TP techniques are not without limitations. Long running transactions are problematic due to lock holding. Cooperative protocols, like 2PC, require a certain degree of trust among participants in a transaction. ACID transactions work best for short-lived activities involving resources under local control. For longer running workflow-like scenarios, other options are currently being mapped out: (BPEL, J2EE Activity Service).

Tips for writing efficient transactions

• reduce time spent holding locks
• reduce transaction execution time
• set locks later in the transaction
• split up long running transactions into series of short lived transactions
• turn off autocommit and do explicit commits
• avoid performing slow operations like user input in a transaction
• be aware of the effects of lock granularity
• be aware of the effects of "hot" (frequently updated) data items

Conclusion

Transaction processing is a powerful and well established model. As application developers, a little insight into the mechanisms involved will allow us to develop efficient software on transactional platforms. As architects, we will be better able to design systems that leverage transactional capabilities offered by "enterprise" infrastructure software.
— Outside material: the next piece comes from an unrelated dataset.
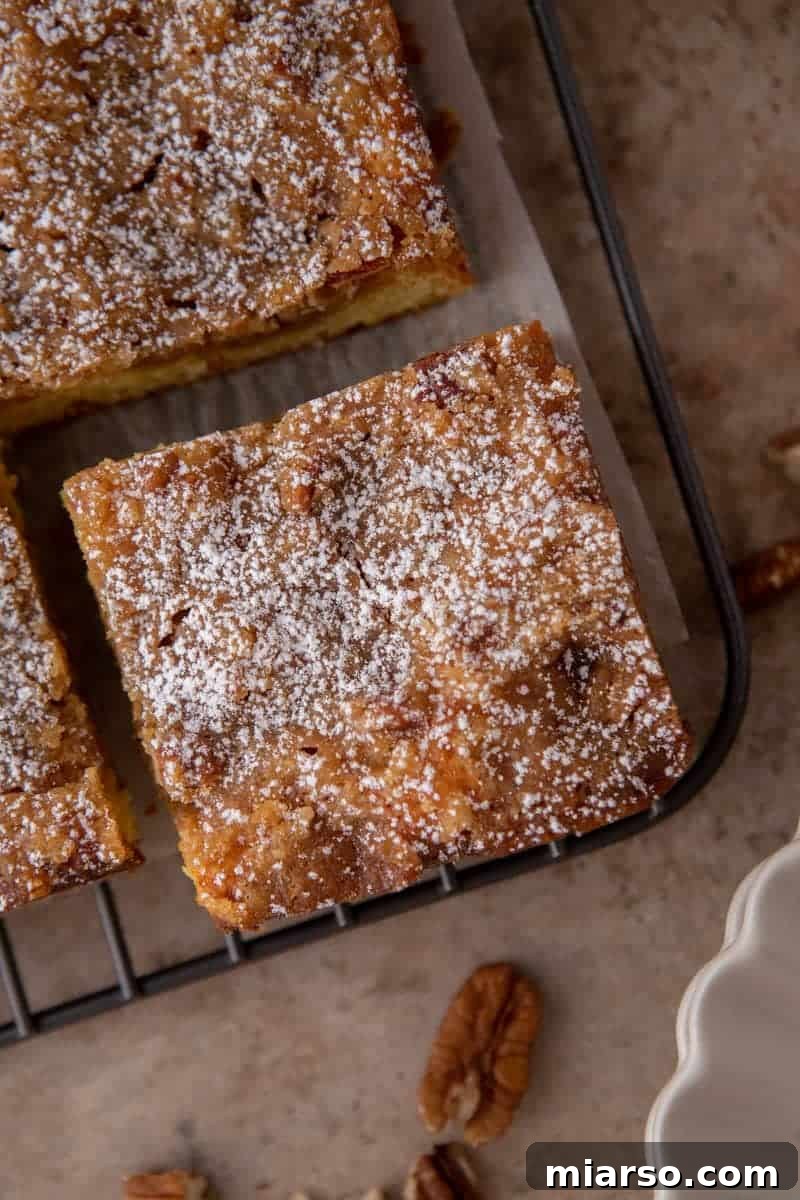 featured 80387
Concurrency is becoming a more important tool for application developers.[Sutter] Effective use of concurrency is a key to scalability and performance. One of the easiest and safest ways to exploit concurrency is to use the transaction processing capabilities built into database engines and application servers.

Transaction processing has been the context for the discovery of some deep theoretical results in concurrency. The theory and principles of transactions are being increasingly applied in new ways and in areas outside of their traditional uses.